La réponse à ces défis nécessite une réflexion approfondie sur la dotation en ressources et les investissements budgétaires. Il est crucial de garantir un accès adéquat à ces équipements, ce qui peut impliquer une allocation de ressources financières supplémentaires pour l’achat, la maintenance et la formation associés à la discipline technologie. Cette démarche vise à assurer que les élèves puissent bénéficier d’une éducation technologique de qualité, tout en permettant aux enseignants de mettre en œuvre un enseignement pratique et enrichissant.

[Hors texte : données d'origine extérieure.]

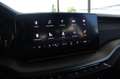 Skoda Octavia Combi 2,0 TDI Ambition DSG LED AHK Sitzheizung ... Plateado - thumbnail 20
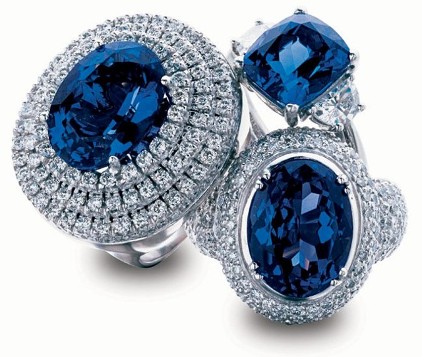Image for Continental Jewelers Inc with ID of: 607621
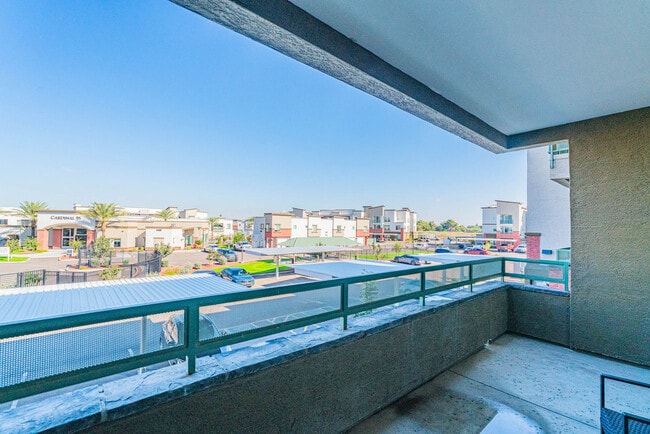 Building Photo - 9600 W Georgia Ave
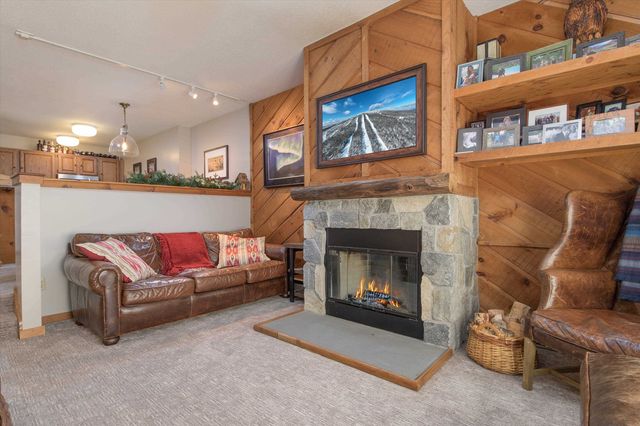 145 Okemo Trailside Extension 23BL, Ludlow, VT 05149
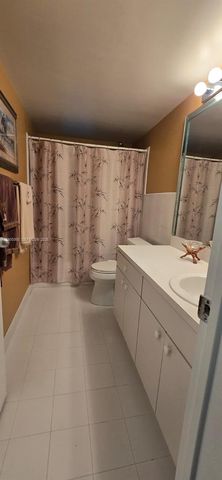 7400 Miami Lakes Dr D305, Miami Lakes, FL 33014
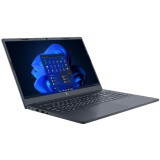 Ноутбук Fplus Flaptop i (FLTP-5i3-8512-W)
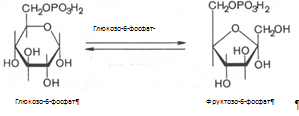 ��������: C:\Documents and Settings\Admin\������� ����\ScreenHunter_027.bmp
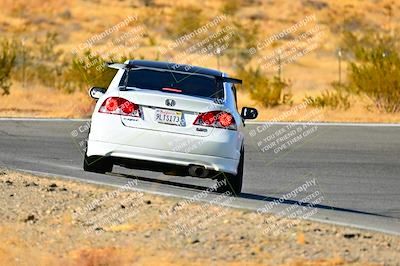 media/Nov-16-2024-Extreme Speed (Sat) [[6587d07cc4]]/Gold Group/Session 3 (The Bowl)/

On notera l’effort de lisibilité concernant les repères de progression avec une explicitation plus aboutie sur les attentes par niveau. La logique curriculaire des anciens programmes est abandonnée au profit d’un enseignement spiralaire.
Et les mathématiques ?
Dans la lettre de saisine, il est précisé que le programme devra inclure des compétences et des connaissances en mathématiques. Dans le préambule de présentation du programme de technologie, il y a effectivement une mention selon laquelle la technologie requiert l’utilisation de compétences mathématiques disciplinaires. Cependant, dans la rédaction finale, cette intégration est plutôt limitée. On ne retrouve pas de compétences disciplinaires en mathématiques, mais plutôt certaines compétences en technologie (quatre compétences) qui sont assez proches. Elles permettent d’établir un lien avec les mathématiques pour une pratique interdisciplinaire, notamment dans la partie liée à « l’Algorithme, la programmation et la gestion de données ». La technologie a en effet besoin d’outils mathématiques pour résoudre des problèmes techniques ou pour développer certaines technologies. Cependant, il est important de noter que ce lien n’est pas nécessairement univoque. Pourquoi le choix a été fait, dans ce programme, d’établir comme seul lien avec les mathématiques « la partie informatique » ?
Les prérequis manquants dans le nouveau programme
Ce projet de programme, au vu des compétences à acquérir, ne prend pas en compte les programmes du cycle 3 ni les prérequis qu’il faut pour être en mesure d’aborder ces compétences. La plupart des compétences de ce projet de programme et cela dès la cinquième, demandent déjà des connaissances avancées et une certaine abstraction pour les comprendre et pouvoir les travailler.